> **Work order**: Nothing but the pictures may be dropped; the rest of the listing is to be written out exactly.

> **Dataset section**:

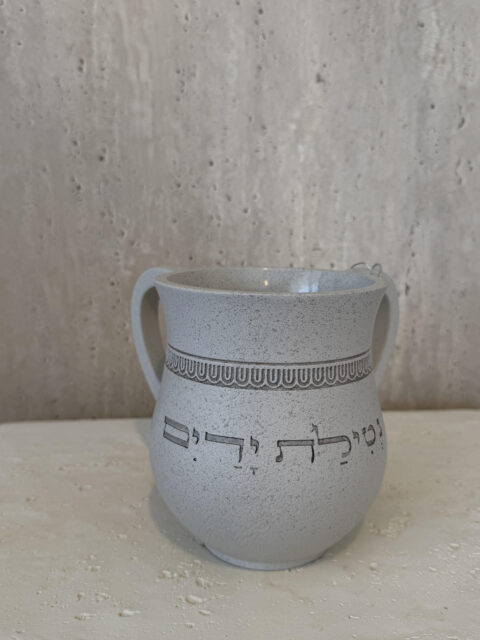 נטלה מהודרת-אפור בטון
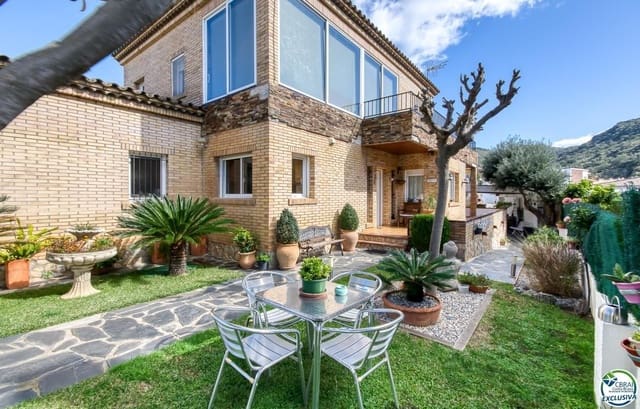 Chalet de 4 habitaciones en Roses en venta con piscina garaje - 540.000 € (Ref: 9164240)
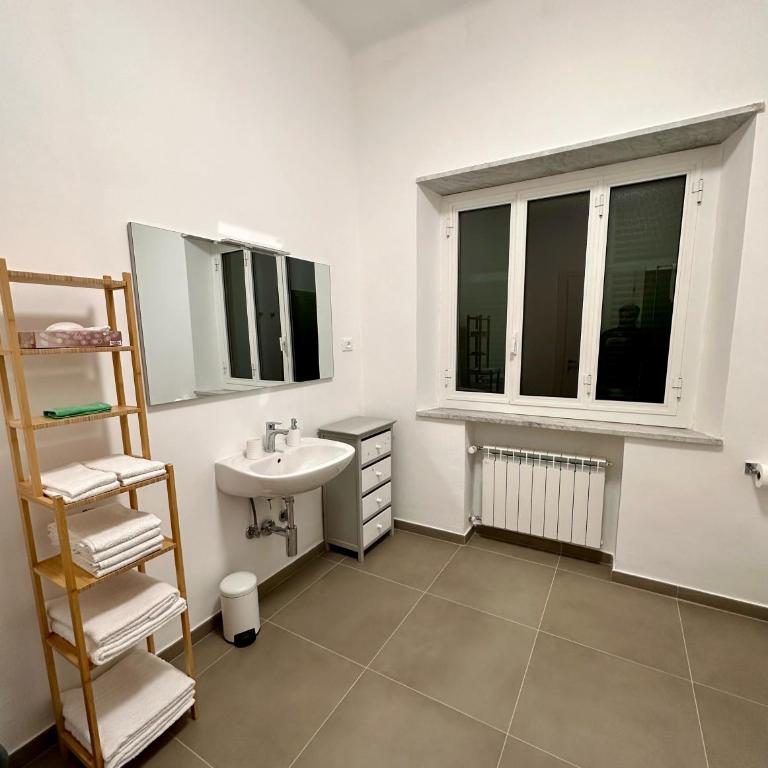 Appartamento La Mola - Apartment with Balcony - 9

> **Output for this task**:
 נטלה מהודרת-אפור בטון
 Chalet de 4 habitaciones en Roses en venta con piscina garaje - 540.000 € (Ref: 9164240)
 Appartamento La Mola - Apartment with Balcony - 9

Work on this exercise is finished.